Simulating actuator energy consumption for trajectory optimisation

Abstract

This work aims to construct a high-speed simulation tool which is used to quantify the dynamic actuator power consumption of an aircraft in flight, for use within trajectory optimisation packages. The purpose is to evaluate the energy penalties of the flight control actuation system as an aircraft manoeuvre along any arbitrary trajectory. The advantage is that the approximations include major transient properties which previous steady state techniques could not capture. The output can be used to provide feedback to a trajectory optimisation process to help it compute the aircraft level optimality of any given flight path.
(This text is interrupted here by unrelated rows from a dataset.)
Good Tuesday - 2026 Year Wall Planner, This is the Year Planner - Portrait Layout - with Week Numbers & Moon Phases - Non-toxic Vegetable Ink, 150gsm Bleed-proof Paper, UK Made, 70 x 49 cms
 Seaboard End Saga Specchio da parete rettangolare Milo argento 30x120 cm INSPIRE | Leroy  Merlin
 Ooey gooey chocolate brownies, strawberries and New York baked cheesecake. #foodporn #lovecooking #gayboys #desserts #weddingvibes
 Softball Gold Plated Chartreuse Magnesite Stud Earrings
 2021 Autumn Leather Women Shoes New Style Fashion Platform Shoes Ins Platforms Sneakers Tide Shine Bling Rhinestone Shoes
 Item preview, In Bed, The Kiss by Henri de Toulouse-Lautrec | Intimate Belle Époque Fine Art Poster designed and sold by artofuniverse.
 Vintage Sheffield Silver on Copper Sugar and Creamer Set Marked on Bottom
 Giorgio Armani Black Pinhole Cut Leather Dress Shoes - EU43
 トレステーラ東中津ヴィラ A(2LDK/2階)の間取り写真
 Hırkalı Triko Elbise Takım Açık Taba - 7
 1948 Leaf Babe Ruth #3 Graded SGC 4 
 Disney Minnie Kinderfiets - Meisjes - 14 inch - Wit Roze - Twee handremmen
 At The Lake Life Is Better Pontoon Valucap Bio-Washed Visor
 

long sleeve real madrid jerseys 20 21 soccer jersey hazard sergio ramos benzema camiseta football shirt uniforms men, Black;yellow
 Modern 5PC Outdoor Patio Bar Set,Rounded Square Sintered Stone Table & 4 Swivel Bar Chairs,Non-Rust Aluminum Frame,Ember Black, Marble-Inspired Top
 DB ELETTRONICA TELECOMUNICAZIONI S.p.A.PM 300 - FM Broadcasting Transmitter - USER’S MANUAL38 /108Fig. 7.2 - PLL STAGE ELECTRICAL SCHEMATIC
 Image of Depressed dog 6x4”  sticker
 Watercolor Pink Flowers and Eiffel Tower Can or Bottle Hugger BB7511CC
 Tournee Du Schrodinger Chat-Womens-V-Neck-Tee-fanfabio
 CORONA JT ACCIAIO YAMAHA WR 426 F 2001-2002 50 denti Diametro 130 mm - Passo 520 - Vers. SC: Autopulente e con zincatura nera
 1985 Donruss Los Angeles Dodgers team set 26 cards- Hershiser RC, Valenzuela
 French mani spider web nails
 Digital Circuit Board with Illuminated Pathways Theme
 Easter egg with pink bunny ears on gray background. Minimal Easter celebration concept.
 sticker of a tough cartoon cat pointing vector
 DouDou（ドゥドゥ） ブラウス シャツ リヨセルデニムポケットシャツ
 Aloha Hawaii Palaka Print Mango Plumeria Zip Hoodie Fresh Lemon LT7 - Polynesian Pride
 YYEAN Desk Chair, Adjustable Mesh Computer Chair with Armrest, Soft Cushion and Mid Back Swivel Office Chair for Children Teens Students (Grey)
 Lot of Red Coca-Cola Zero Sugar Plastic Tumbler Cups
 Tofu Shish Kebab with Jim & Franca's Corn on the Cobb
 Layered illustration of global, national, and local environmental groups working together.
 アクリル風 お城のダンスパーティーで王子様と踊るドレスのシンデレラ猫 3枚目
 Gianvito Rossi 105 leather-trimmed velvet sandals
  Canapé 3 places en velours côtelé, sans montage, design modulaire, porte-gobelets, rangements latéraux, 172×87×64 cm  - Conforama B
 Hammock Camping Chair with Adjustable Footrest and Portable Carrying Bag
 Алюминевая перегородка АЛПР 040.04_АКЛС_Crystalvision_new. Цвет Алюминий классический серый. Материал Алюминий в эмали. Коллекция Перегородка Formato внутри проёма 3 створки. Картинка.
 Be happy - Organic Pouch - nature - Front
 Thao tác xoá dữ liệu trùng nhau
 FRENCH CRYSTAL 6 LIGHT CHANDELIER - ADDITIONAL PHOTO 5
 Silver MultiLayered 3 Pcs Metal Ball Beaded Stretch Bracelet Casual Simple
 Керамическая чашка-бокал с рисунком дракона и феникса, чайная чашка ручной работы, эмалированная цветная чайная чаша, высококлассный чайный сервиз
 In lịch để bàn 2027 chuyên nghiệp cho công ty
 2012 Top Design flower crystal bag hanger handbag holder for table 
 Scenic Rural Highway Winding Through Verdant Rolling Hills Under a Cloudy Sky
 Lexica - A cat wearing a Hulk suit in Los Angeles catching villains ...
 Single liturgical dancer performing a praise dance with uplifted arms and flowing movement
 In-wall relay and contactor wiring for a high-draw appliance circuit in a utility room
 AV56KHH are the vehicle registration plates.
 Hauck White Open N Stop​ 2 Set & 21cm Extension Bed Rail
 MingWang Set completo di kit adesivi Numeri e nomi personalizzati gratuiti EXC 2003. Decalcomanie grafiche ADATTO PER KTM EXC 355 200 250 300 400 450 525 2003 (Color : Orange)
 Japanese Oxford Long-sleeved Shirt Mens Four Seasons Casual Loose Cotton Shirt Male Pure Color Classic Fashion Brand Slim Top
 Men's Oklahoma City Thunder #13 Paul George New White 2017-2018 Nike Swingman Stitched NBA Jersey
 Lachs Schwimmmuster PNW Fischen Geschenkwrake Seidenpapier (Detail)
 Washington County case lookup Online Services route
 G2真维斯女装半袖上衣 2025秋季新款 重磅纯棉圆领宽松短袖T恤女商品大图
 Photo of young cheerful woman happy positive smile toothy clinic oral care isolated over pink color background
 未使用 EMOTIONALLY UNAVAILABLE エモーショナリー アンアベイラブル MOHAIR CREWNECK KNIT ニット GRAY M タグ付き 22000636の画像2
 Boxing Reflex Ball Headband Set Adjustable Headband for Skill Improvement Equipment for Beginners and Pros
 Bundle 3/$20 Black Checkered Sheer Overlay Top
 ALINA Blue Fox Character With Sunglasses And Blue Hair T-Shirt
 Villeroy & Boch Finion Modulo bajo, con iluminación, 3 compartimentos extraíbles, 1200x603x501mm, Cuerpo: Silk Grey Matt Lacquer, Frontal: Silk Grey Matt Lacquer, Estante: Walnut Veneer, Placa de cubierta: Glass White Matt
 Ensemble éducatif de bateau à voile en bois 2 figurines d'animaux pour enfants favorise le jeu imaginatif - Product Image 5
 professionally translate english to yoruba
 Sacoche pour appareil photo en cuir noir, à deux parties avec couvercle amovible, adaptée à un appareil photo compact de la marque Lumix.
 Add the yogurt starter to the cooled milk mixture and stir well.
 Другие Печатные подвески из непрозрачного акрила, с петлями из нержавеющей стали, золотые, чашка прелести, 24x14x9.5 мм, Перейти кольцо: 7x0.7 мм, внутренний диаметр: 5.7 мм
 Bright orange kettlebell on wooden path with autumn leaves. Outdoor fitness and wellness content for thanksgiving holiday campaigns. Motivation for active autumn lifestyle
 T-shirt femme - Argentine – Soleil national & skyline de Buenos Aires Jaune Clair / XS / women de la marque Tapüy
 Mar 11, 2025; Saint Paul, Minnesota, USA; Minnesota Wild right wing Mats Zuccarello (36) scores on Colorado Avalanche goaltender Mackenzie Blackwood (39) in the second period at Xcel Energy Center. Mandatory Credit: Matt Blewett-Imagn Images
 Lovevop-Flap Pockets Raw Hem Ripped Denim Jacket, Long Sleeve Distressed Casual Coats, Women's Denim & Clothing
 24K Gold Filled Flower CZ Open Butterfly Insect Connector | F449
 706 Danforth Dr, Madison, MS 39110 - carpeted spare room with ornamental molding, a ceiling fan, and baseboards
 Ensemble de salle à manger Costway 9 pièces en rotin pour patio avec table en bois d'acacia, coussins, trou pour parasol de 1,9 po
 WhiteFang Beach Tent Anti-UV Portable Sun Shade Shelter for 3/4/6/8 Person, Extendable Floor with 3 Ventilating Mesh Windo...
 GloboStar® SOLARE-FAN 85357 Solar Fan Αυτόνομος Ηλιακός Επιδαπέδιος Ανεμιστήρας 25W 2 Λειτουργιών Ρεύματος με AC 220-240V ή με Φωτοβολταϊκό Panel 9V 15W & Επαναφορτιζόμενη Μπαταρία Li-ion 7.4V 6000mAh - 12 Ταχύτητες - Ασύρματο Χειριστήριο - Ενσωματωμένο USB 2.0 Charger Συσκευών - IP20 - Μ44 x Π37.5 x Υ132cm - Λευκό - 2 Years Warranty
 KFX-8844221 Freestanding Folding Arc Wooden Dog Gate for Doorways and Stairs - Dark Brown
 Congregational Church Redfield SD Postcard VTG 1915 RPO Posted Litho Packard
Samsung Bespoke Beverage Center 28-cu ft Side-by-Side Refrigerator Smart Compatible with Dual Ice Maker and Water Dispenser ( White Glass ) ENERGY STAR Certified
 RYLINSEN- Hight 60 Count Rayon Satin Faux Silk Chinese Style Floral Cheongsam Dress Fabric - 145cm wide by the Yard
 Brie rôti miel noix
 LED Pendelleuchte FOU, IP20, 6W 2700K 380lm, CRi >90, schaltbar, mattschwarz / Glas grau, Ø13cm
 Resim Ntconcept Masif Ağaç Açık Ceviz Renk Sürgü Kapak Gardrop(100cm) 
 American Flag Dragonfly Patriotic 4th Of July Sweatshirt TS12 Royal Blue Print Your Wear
The tool features a six degree of freedom dynamic model of an aircraft which is combined with low frequency functional electro-mechanical actuator models in order to estimate the major transient power demands. The actuator models interact with the aircraft using an aerodynamic load estimator which generates load forces on the actuators that vary as a function of flight condition and control surface demands. A total energy control system is applied for longitudinal control and a total heading control system is implemented to manage the lateral motion. The outer loop is closed using a simple waypoint following guidance system with turn anticipation and variable turn radius control. To test the model, a simple trajectory analysis is undertaken which quantifies a heading change executed with four different turn rates. The tool shows that the actuation system requires 12.8 times more electrical energy when performing a 90° turn with a radius of 400 m compared to 1000 m. A second test is performed to verify the model’s ability to track a longer trajectory under windy conditions.